To the best of our knowledge, only a few studies have integrated radiomics with 3D deep learning to predict OLNM in cervical cancer. This study aimed to construct and validate a prediction model based on radiomics and 3D deep learning to assess the risk of OLNM in cervical cancer patients. To further enhance the interpretability and clinical applicability of the model, we plan to integrate the SHAP method.
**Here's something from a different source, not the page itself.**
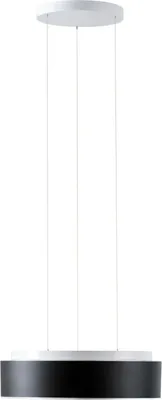 Produktbild von OSMONT ERI67898 ERIS LEC3 Hängeleuchte aus Glas, weiß/weiß-schwarz, Schutzart IP40, 4000 K, 34 W LED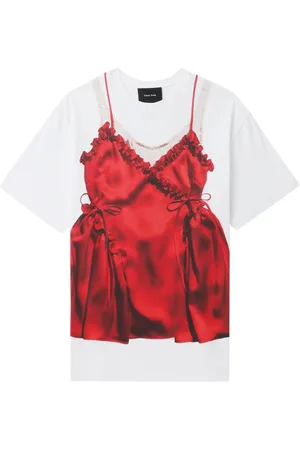 Simone Rocha T-shirt con stampa Negligee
Through this integration, the decision-making process of the model will be more clearly explained and visualized, making its application more intuitive and comprehensible, thereby further increasing its value in clinical practice.

Results

Patient characteristics

We collected clinical data from patients, including age, FIGO stage, and maximum tumor diameter measured by MRI (scored as 1 point for < 2 cm, 2 points for between 2 and 4 cm, and 3 points for > 4 cm), along with postoperative pathological data such as pathological type, lymph vascular space invasion (LVSI), deep stromal invasion, and histological grade (Table 1).

Table 1 FIGO, international federation of gynecology and obstetrics; MG, metastasis group; NMG, non-metastasis group; LVSI, lymph vascular space invasion.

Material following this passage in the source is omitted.